A Dangerous Spy Net in the Powderkeg Orient!
In this Red menace spy thriller, a military intelligence operative poses as a journalist in Occupied Japan. His mission is to re-establish contact with a college chum. After the chum’s experience studying abroad, he apparently entered the kamikaze pilot training program but the war ended before he flew the first and final suicide assignment. Not dying a war hero and accordingly at loose ends, he exchanged one set of totalitarian beliefs for another and thus became active in far left activities such as labor agitation and aiding the Communist cause in Korea, where the US was fighting a war. The American is supposed to persuade his Japanese friend to get on the right side and break up the ring of spies giving aid and comfort to the enemy.
The story, exposition and incident strike me as stiff. The male lead Robert Peyton brings to mind Fred MacMurray, with the lanky build and without acting chops. Too shopworn sultry for me, actress Florence Marly is given lines in which her character annoyingly refers to herself in the third person. “Steffi went shopping today. Do you like Steffi’s dress?”

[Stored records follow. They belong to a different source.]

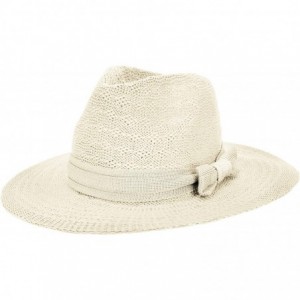Fedoras Coco Women's Open Knit Fedora Hat - Ivory White - CZ18C5NX40A $31.79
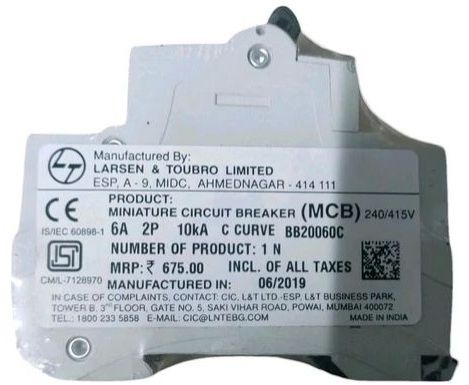 L&T 6A C Curve 2 Pole Exora MCB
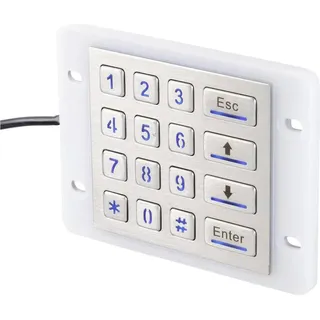 Renkforce RF-KP-500 USB Nummernblock IP68 Wasserdicht und staubgeschützt, Beleuchtet Edelstahl (gebürstet)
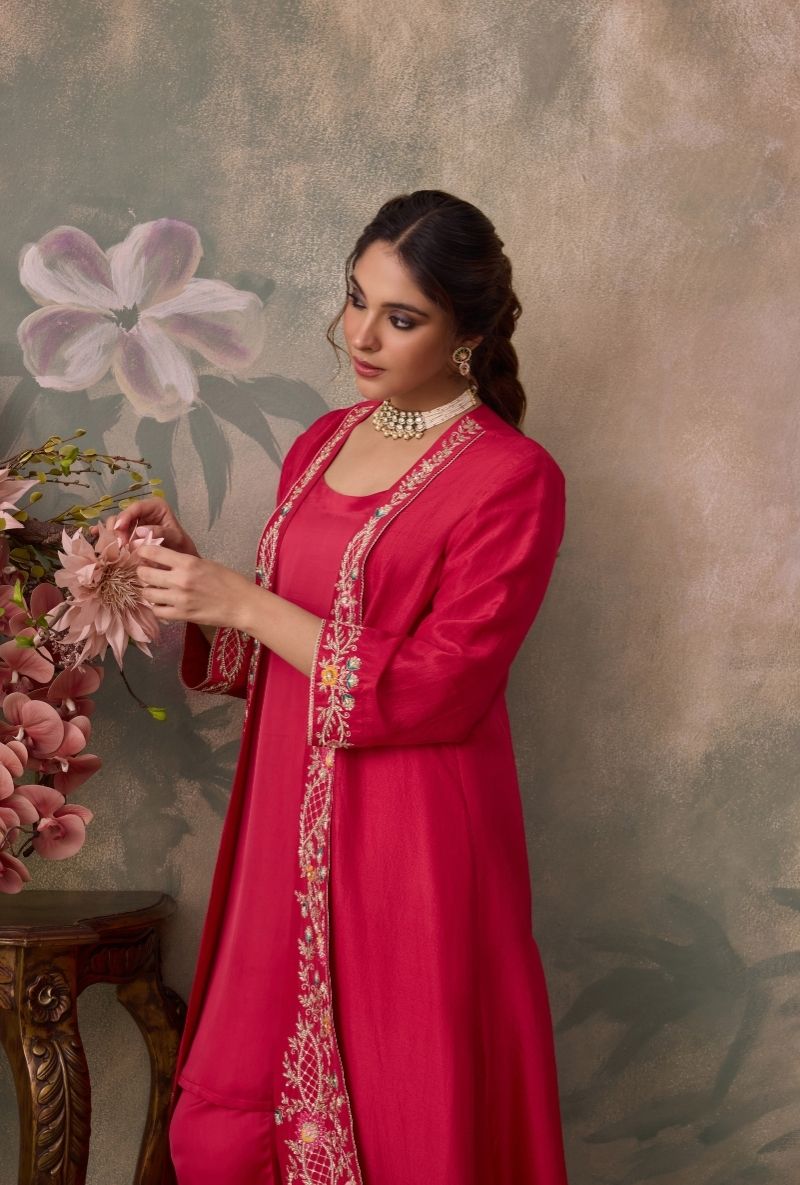 Red Embroidered Jalsa Cape Set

Large gestures in keeping with post-war potboilers mar believability. When told the war is over, the kamikaze trainee throws his cup of sake across the room. In fact, Japanese drill instructors would have had recruits beaten out of any tendency toward spontaneous or undisciplined gestures like throwing stuff.
Interesting shots are so brief as to be impossible to take in. For example, a better director would have lingered with a shot that used as background one of the Two Kings guardian figures standing outside a Buddhist temple.

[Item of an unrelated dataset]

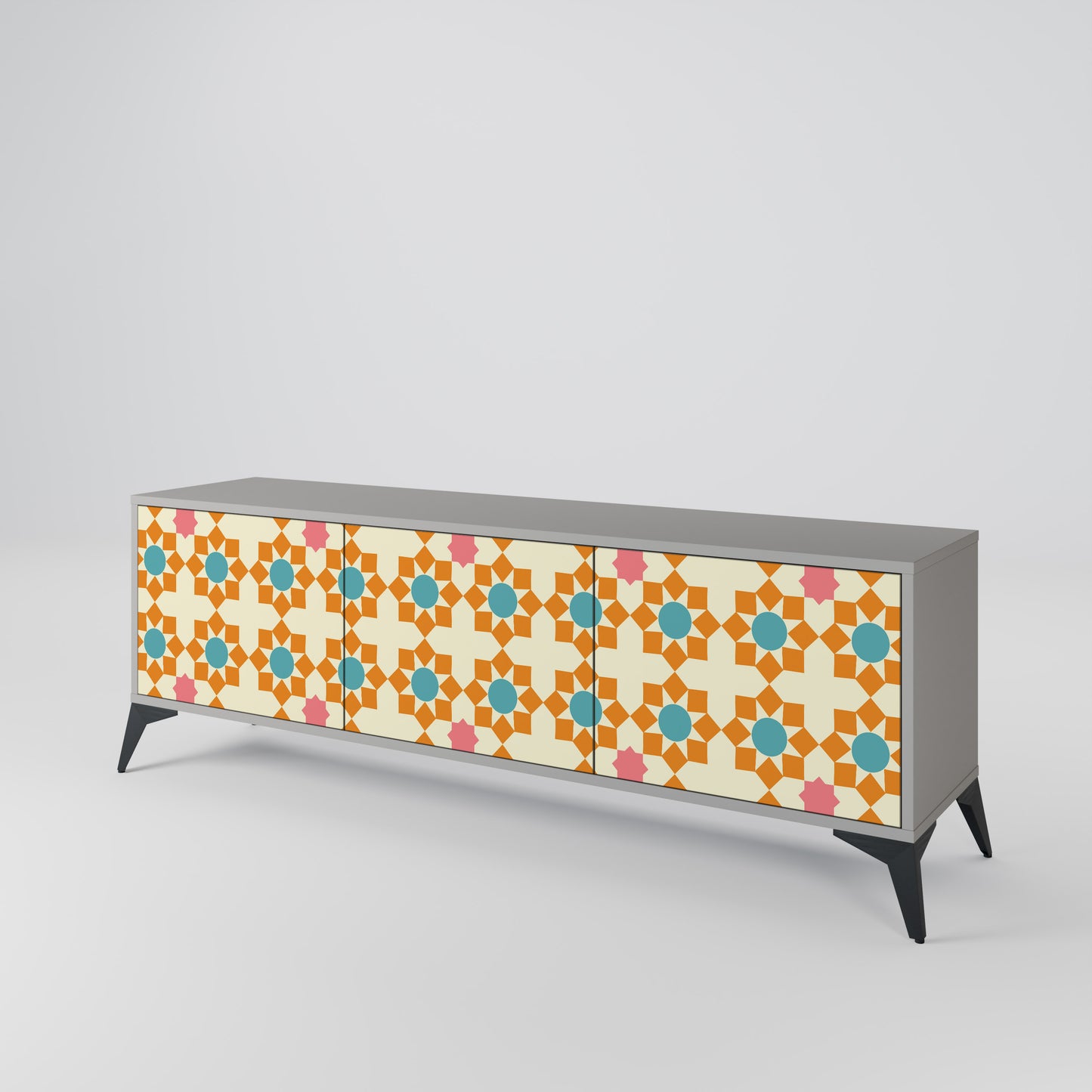 BLOMMAD DECOR 3-dörrars TV-bänk i grå finish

However, the most appealing point of this movie is that it was filmed entirely in Japan. Street scenes of the Ginza and Yurakucho look developed, a real tribute to Japanese re-building in only six years after the war. The scene in the working man’s izakaya (dive) works as an illustration of a wicked den of iniquity. Smoking, drinking, singing, girls in hula-skirts dancing on tables. It looks like a lot of fun.
I think because of the authentic setting, the movie is well worth watching for anybody who has an interest in Japan or people who have visited the Ginza.